I selected six different loads ranging from 155 to 230 grains for test and evaluation. The 3.3-inch barrel appeared to like Remington 180-grain JHP (jacketed hollow point) at 900+ feet per second (fps). Its five-round group at 15 yards was under an inch. But from the unyielding bench and handheld rest, recoil was pronounced, and this load produced dramatic muzzle flash. It should be noted that under the stress of combat, these phenomena are usually ignored by the combatant.

Twenty-five-yard offhand standing group fired with XD-S and Remington 180-grain JHP ammunition shows good accuracy.

Velocity honors went to Triton (no longer available) 165-grain +P Quick Shok Hollow Point, which exceeded 1,100 fps. This round also exhibited noticeable muzzle flash and sharp recoil. International’s 155-grain Green, Fragmenting Point ammunition was the most pleasant to shoot. Felt recoil was greatly reduced when standing and firing from a one- or two-handed position. Still unfamiliar with the piece, I managed to dump a six-round offhand string into a 1.53- inch four-round group at 25 yards, but north and south flyers opened it up to six inches. I think the latter two errant rounds were due to shooter error.

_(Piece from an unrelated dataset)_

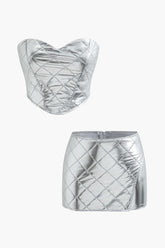 Metallic Quilted Zipper Tube Top And Mini Skirt Set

This is a good belly gun that can take care of business out to 25 yards providing the shooter does his job. But where speed of shot delivery becomes a critical factor, seven yards was my limit for controlled pairs that were separated by an interval of .20 second or below and still able to cover the two-shot group with my hand. The main culprit responsible for excessive bullet spread was unsatisfactory trigger control, which was handicapped by a relatively heavy lever.

XD-S field stripped. Features include linkless barrel, dual recoil spring, and additional interchangeable backstrap.

When I defaulted to my old verbal cadence for a double tap, Captain Marvel’s “Shazam,” it allowed the XD-S’s muzzle to re-index the target without having to track the sights. I could keep my eyes on the threat while letting the red dot fall back into my field of view. Rhythm/cadence shooting is usually not a good idea, because it is very firearm and load specific, but it worked for me with the XD-S. Interestingly, I found that recoil dwell was about the same with one or two hands grasping the gun.


Holster manufacturers are scrambling to meet the demand for this firearm. I am fortunate to have one of the finest Kydex holster makers in my state right near me. Lucas DeBruhl of Black Flamingo Tactical made a customized scabbard for the little blaster. His handsome holsters are Level I security and rely on a glove-like fit for excellent retention.

When belted in place, weight distribution is excellent, and I hardly knew that the XD-S was present. The draw requires an aggressive and fast pull to pop the pistol from the holster’s grasp. Otherwise, you will be momentarily pulling up your belt and trousers as well. Various rake angles are available to suit the customer’s preference and, if you require a special design, Lucas will do his best to give you personal attention.

Recoil and muzzle rise are similar to full-sized steel 1911. Author’s XD-S in process of cycling a fresh round into its chamber.


Unless high capacity is your only bag, this subcompact and flat firearm would make a superb primary concealed carry piece for the private citizen and a perfect-sized backup gun for the law enforcement officer. It favorably compares in size to small nines and snub-nosed revolvers, but has a higher degree of potency. My Novak Colt Commander has the same capacity as the XD-S with X-Tension magazine, but the latter pistol is almost a pound lighter.

Logically, this is not a gun for a newly frocked concealed-carry shooter. It is not complicated, but its size and caliber can be a little too punishing for the inexperienced gunperson to tolerate. Furthermore, in its most concealable configuration, XD-S payload is limited, so bullet placement is critical and rounds cannot be wasted.

This is a small gun that will not only be carried a lot, but also shot frequently, with skill enhancements resulting. Springfield Armory hit a small arms home run with the XD-S.